Loading market data...

EU Unveils $23B Crypto Tax Plan for 2028-2034 Budget Cycle

EU Unveils $23B Crypto Tax Plan for 2028-2034 Budget Cycle

The European Commission proposed two crypto tax models Thursday expected to generate up to $23 billion in revenue between 2028 and 2034. The plan includes a 0.1% transaction levy and capital gains tax on realized profits, though projections may prove optimistic without reliable data until 2027. User migration to DeFi platforms could shrink the taxable base before implementation.

Tax Mechanics and Exemptions

The transaction tax would pull in $3.5 billion to $4.7 billion annually while capital gains added $1.2 billion to $2.8 billion yearly. Stablecoins used as payments escape the transaction tax entirely. Dollar-pegged tokens avoid capital gains taxes on realized profits. That carve-out might dent revenue forecasts significantly.

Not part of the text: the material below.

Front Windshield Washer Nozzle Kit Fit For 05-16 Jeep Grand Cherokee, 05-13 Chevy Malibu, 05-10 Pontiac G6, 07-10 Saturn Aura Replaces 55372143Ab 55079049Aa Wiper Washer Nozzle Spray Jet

Flawed Projection Foundations

Revenue estimates ride on volatile markets and incomplete data. The EU won't get reliable inputs until the DAC8 reporting framework starts in 2027. That's a year after the budget cycle begins. France admits the numbers could be inflated. Traders might flee to self-custody wallets or non-EU exchanges the moment the tax hits. That could crater the projected volume.

Political Friction Points

Unanimous Council approval is required for the proposal to pass. France is pushing hard for new revenue streams while Malta signals resistance. Economies hosting major exchanges fear compliance costs. The MiCA review adds complexity. Cyprus holds a critical card with its budget revision due around June 10. That document will clarify crypto tax inclusion and its link to MiCA reforms.

Immediate Deadline Looms

Cyprus must release its budget proposal by June 10 for the plan to gain traction. Without it, the tax framework stalls. Malta's stance remains unclear. The Commission can't move forward without unified tax bases across member states. Market volatility won't wait for consensus.